**Exercise details:**
Word for word, transcribe the listing that follows, minus any pictures.

**Supplied information:**

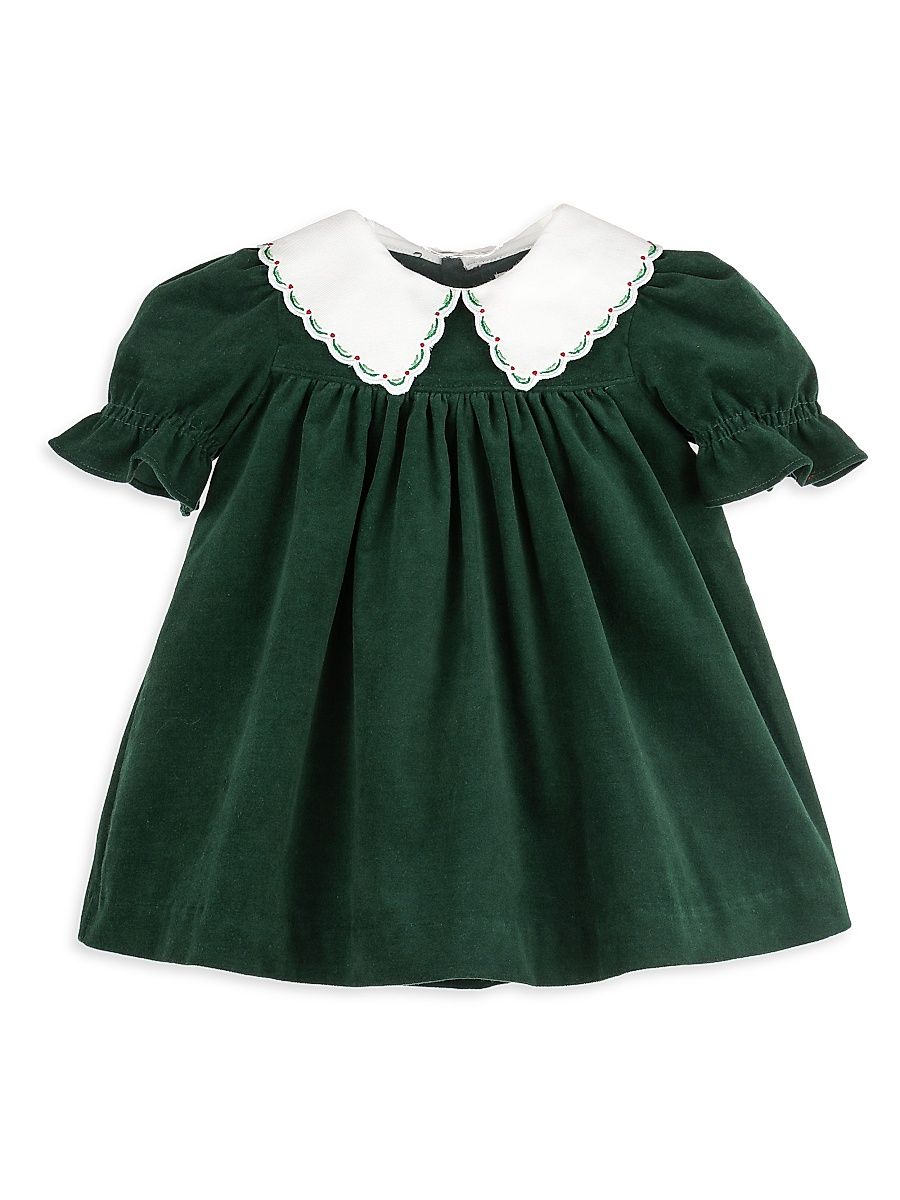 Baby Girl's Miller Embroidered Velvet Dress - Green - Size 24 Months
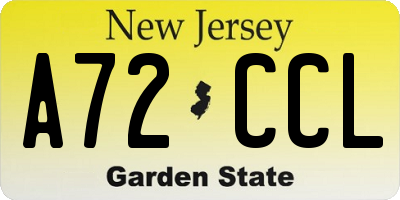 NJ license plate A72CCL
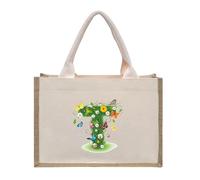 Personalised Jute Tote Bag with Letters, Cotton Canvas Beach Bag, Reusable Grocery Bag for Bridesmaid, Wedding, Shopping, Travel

**Task result:**
 Baby Girl's Miller Embroidered Velvet Dress - Green - Size 24 Months
 NJ license plate A72CCL
 Personalised Jute Tote Bag with Letters, Cotton Canvas Beach Bag, Reusable Grocery Bag for Bridesmaid, Wedding, Shopping, Travel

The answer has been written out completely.